It is also surprising how much noticing, appreciating and respecting your partner will fill your bucket as well and help you feel more loving toward them. The adage, love is a verb, is worth remembering. The choice to act lovingly helps feelings of love to grow. When you choose to continue behaving in a loving way toward you partner, even on those days when you don't feel particularly loving, then they will feel more loved and accepted and you will feel more loving toward them.
The ability to make this choice begins with awareness. When was the last time that you gave your partner a genuine compliment? When was the last time that you told them how much you appreciate them? Those little daily acts of noticing, appreciating and respecting are what keep the love alive. Do your words and actions help your partner feel smart or stupid, caring or selfish, excited or defeated, cared about or neglected; are you helping your partner feel good about himself or bad about herself. It is not that you are responsible for how your partner feels; it is that helping them feel good about themselves when they are with you will greatly increase their loving feelings toward you. We fall in love with or stay in love with someone because of how we feel about ourself when we are with them. It is only natural to want to spend time with those people who help us feel good about ourselves.
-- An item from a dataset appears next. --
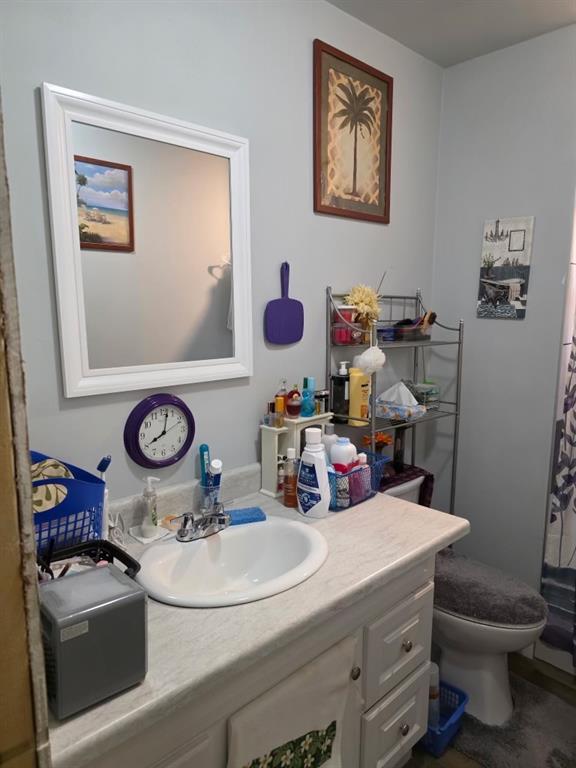 3542 Wericoba Drive Macon, GA 31206 - Photo 8 of 21 a bathroom with a sink mirror and vanity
If your partner does or says something that hurts you do not retaliate. Retaliation brings out hateful feelings in even the best of people. If your inclination is to lash back if you feel hurt, learn to take a deep breath and hang onto yourself. Take some time to cool down and then choose your actions, rather than reacting to what your partner has said or done. Feeling justified in treating your partner badly, because you feel hurt or upset, will be cold comfort as your relationship spirals downward. Sometimes it is more important to choose to be happy than it is to maintain that you are right. Put your ego aside and focus on creating what you want. Choosing to love your partner when you least feel like it, can begin the change to an upward spiral toward a more satisfying relationship.